India continues to tread on a tremulous path in connection to the case where a diplomat working in the Saudi Embassy in New Delhi has been accused of raping and torturing two Nepali women. The tensions between the two governments can affect their bilateral ties.
On Friday, both the MEA and PMO discussed the issue, with the matter even reaching national security adviser Ajit Doval, states a report in The Times of India.
The Gurgaon police has got a rap from the Centre for passing information regarding the case to the media. The report states "The police has been told to stop media leaks, particularly to TV channels, which have included video clips of the diplomat's wife and daughter that has incensed both the Saudi and Indian governments."
The Saudi government has dismissed all allegations against its diplomat as “completely false” and "contrary to facts in our possession".
On Thursday, Jaideep Mazumdar, chief of protocol, MEA, called Saudi ambassador Saud Mohammed Al Sati asking for the co-operation of the embassy in the probe by the Gurgaon police.
Since the accused has claimed diplomatic immunity, the police can neither detain nor arrest him. In such a situation, the Indian government can ask Saudi Arabia to waive his immunity, which is unlikely.

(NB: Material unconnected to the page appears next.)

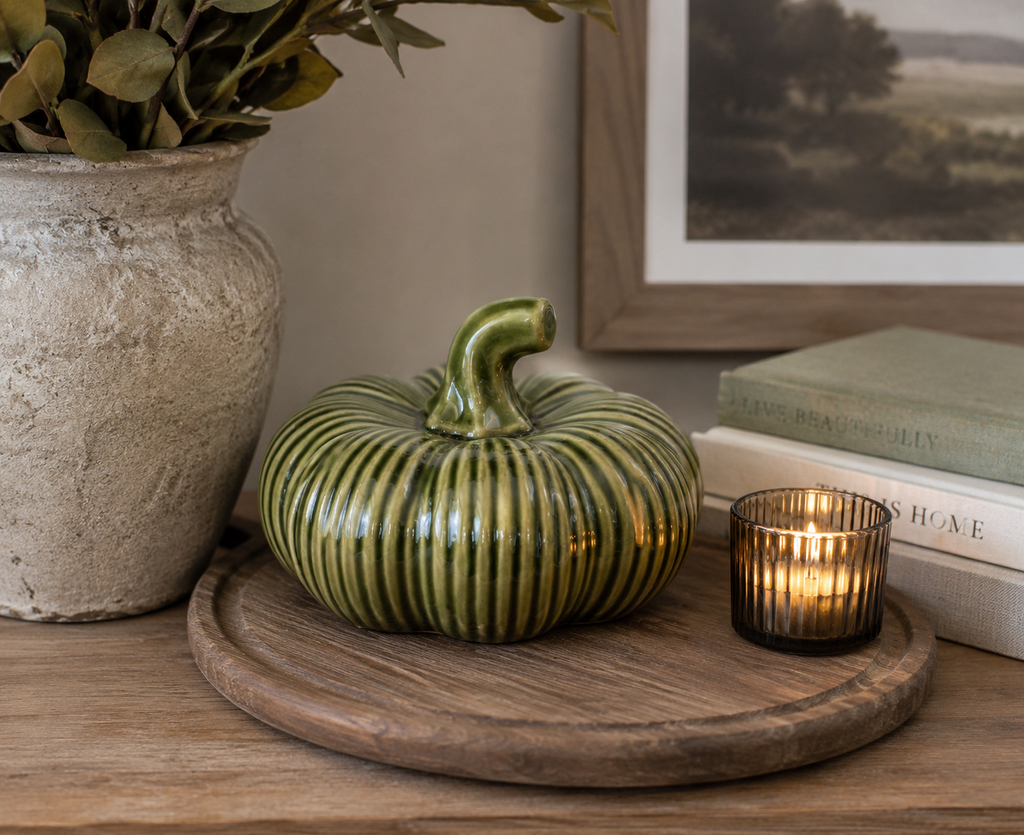 Glazed Green Pumpkin Ornament – 12cm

As the TOI report states, the Saudi government is unlikely to withdraw the diplomat from the home country, since that could be interpreted as an admission of guilt, which is contrary to the stance they have taken till now.
India could also expel the diplomat and in doing so Saudi can lay the blame on the Indian government while continuing to claim innocence of their diplomat.
This is reportedly a likely situation. Sources told The Indian Express that India may consider expelling the diplomat as a last resort if Saudi Arabia does not co-operate in the probe by the Gurgaon police and let him be questioned.
Such a move could also work against India.
The TOI states that, "By doing this, however, India might open itself up to possible retaliatory expulsion by the Saudi government in Riyadh of an Indian diplomat. The Indians believe it could even increase risks to the almost 3 million Indians who live and work in Saudi Arabia. That would definitely affect bilateral ties at a time when they could not have been better."
India can also declare the accused persona non grata and withdraw his diplomatic accreditation.